*Task objective*
On every line of the listing, check for "kids"; copy the lines that have it.

### Provided entries

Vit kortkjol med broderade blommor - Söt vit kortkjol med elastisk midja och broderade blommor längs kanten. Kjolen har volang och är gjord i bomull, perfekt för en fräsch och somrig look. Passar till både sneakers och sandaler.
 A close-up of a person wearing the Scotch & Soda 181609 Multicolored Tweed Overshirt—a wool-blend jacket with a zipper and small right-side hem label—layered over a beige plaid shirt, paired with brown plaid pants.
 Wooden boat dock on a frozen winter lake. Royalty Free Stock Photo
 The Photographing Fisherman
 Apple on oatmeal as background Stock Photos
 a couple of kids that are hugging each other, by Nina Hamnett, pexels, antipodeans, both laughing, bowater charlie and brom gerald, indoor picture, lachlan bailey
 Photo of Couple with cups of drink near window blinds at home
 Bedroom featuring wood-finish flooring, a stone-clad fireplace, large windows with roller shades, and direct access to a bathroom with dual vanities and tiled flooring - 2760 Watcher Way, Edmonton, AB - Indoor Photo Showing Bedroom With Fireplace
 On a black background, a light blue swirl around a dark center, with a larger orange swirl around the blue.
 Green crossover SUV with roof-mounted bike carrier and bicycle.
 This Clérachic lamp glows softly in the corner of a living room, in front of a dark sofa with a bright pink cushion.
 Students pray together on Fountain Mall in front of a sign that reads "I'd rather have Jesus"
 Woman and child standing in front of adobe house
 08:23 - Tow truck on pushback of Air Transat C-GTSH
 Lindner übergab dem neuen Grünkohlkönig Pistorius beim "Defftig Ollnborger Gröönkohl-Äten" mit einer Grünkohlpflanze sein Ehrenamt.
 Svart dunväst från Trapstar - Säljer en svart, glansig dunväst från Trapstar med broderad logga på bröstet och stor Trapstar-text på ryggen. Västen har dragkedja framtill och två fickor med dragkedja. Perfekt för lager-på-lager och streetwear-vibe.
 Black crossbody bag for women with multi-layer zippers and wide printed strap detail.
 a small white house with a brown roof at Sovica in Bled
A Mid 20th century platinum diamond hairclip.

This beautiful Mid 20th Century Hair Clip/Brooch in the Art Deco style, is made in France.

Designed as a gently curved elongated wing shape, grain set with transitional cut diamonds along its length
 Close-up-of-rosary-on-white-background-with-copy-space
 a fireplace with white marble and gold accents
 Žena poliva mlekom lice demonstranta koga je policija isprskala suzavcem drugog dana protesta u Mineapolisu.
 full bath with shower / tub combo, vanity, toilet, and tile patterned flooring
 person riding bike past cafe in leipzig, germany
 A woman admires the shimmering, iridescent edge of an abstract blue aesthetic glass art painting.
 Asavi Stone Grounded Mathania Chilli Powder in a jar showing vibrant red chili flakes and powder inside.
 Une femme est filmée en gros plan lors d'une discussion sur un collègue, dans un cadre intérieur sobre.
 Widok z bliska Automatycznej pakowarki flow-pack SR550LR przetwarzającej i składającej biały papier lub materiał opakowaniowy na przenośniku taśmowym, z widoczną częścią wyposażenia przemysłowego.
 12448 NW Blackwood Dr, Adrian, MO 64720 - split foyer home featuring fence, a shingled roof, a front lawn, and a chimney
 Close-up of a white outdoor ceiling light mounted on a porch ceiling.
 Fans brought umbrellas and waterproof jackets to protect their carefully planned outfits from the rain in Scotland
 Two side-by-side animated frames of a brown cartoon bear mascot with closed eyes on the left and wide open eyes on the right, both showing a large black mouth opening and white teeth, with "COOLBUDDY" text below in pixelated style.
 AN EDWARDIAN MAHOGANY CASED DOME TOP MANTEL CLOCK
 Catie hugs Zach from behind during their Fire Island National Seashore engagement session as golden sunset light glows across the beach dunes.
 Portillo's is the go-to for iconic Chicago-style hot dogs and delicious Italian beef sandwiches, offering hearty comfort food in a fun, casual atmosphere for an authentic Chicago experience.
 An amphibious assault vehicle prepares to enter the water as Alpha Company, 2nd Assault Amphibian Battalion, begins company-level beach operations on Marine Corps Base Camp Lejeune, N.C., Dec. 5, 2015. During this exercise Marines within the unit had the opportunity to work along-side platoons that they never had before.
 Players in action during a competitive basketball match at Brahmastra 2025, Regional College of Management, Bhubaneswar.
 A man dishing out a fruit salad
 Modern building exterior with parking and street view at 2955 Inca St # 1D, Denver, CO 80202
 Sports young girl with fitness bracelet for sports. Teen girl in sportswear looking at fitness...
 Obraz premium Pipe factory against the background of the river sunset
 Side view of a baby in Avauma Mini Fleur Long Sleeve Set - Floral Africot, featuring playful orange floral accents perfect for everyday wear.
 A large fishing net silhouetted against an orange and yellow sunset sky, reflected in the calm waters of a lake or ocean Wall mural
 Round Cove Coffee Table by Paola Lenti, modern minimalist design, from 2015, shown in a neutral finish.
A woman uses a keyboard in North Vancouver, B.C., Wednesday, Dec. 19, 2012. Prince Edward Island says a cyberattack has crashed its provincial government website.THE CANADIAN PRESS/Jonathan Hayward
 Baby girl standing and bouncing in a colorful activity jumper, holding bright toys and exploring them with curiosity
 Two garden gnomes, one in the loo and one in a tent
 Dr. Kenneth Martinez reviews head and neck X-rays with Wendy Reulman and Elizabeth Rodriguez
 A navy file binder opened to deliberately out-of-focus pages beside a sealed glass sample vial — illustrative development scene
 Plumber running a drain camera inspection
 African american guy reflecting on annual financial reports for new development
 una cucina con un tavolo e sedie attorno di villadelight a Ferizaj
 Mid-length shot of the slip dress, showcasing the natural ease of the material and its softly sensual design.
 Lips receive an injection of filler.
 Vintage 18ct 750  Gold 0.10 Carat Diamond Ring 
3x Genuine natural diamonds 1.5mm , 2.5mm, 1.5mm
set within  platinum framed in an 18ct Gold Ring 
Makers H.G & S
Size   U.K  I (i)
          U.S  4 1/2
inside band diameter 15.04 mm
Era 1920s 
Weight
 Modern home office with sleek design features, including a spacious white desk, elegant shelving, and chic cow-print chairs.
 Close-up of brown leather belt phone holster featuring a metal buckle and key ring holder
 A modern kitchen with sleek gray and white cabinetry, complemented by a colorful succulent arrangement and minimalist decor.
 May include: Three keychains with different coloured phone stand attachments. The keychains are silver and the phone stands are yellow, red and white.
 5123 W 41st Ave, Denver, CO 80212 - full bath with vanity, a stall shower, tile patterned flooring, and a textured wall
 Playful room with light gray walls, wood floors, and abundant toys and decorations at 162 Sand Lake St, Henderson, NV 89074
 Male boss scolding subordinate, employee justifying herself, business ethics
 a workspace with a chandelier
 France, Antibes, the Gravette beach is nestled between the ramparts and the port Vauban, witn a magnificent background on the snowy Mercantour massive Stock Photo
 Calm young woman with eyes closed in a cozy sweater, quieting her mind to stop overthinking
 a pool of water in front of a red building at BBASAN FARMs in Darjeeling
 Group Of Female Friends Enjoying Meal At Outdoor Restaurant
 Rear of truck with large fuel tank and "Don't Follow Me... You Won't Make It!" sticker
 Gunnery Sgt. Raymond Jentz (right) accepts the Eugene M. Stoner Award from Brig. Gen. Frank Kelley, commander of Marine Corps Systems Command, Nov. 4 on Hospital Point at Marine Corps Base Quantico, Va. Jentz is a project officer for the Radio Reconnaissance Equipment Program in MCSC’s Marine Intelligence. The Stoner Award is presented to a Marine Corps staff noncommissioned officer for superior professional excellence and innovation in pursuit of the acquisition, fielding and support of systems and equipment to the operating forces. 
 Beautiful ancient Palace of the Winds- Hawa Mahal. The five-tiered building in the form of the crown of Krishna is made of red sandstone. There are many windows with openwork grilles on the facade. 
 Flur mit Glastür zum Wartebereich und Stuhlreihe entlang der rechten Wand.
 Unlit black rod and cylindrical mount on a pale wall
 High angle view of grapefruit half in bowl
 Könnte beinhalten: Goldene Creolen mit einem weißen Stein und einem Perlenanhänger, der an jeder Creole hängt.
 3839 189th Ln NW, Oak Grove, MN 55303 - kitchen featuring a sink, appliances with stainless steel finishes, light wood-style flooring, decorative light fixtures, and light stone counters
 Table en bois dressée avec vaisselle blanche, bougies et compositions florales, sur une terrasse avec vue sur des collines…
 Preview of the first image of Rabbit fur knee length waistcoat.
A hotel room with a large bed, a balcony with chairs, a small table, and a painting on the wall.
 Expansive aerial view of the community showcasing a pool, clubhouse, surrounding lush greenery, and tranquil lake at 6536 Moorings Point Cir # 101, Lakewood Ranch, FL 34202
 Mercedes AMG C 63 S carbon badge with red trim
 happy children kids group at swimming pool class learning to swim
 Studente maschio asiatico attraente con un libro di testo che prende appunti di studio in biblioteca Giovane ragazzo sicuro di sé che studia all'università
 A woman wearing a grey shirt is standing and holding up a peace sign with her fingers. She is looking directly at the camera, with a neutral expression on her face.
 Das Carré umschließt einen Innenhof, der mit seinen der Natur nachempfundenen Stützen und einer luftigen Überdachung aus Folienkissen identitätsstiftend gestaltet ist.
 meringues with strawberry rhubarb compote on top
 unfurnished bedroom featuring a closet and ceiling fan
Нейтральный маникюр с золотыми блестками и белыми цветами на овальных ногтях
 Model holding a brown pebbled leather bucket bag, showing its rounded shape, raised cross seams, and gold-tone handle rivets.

######

*Reply*
 a couple of kids that are hugging each other, by Nina Hamnett, pexels, antipodeans, both laughing, bowater charlie and brom gerald, indoor picture, lachlan bailey
 happy children kids group at swimming pool class learning to swim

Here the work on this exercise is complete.